- _Requirement_: From the records below, set down exactly the lines starting with the line that contains "Used Garmin Approach S6 Electronics" and going on through the line that contains "Profesora de inglès". Nothing else is wanted.
··· Records provided ···
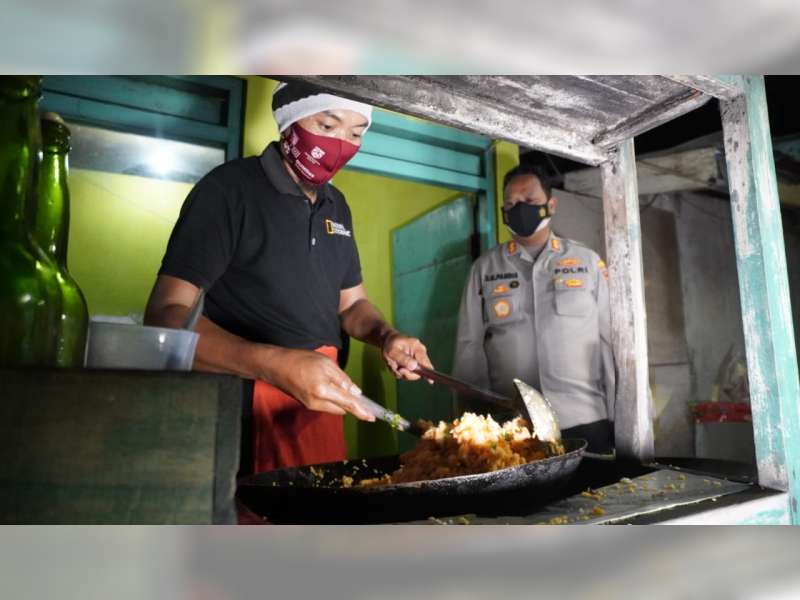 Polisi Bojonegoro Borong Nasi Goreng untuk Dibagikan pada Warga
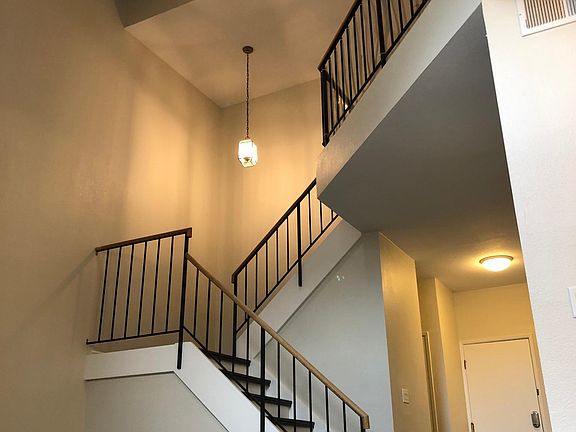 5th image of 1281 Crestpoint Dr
···
··· Records provided ···
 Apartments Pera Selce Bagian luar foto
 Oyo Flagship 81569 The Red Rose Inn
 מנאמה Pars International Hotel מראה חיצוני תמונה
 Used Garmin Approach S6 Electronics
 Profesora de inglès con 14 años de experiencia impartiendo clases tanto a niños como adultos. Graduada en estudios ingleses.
···
··· Records provided ···
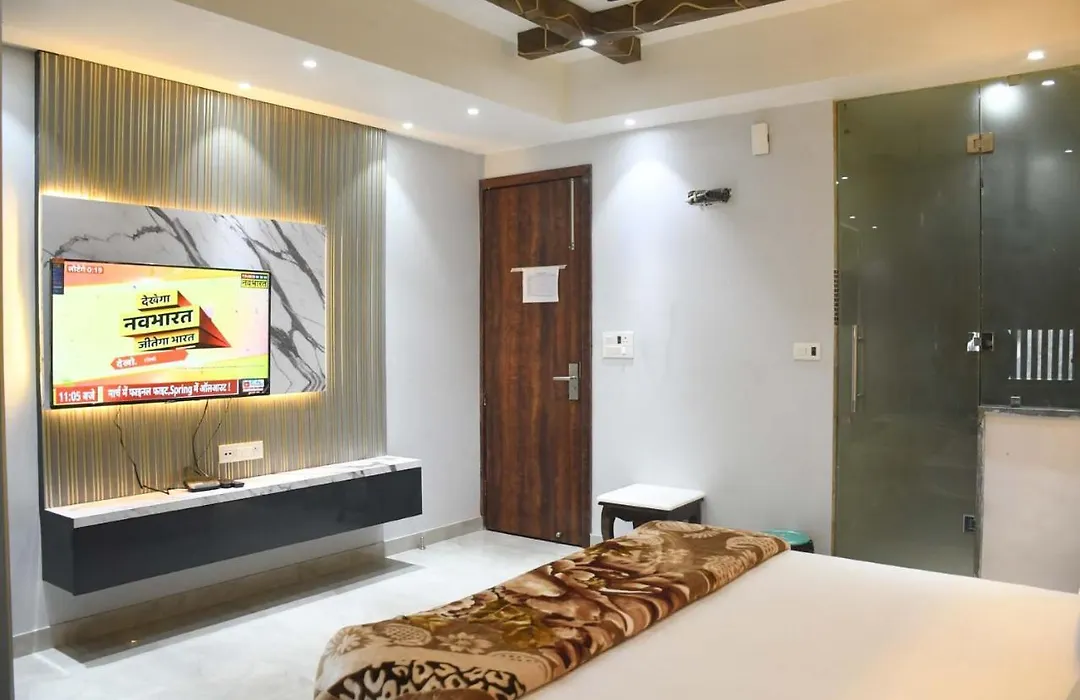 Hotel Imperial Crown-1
···
- _Output_:
 Used Garmin Approach S6 Electronics
 Profesora de inglès con 14 años de experiencia impartiendo clases tanto a niños como adultos. Graduada en estudios ingleses.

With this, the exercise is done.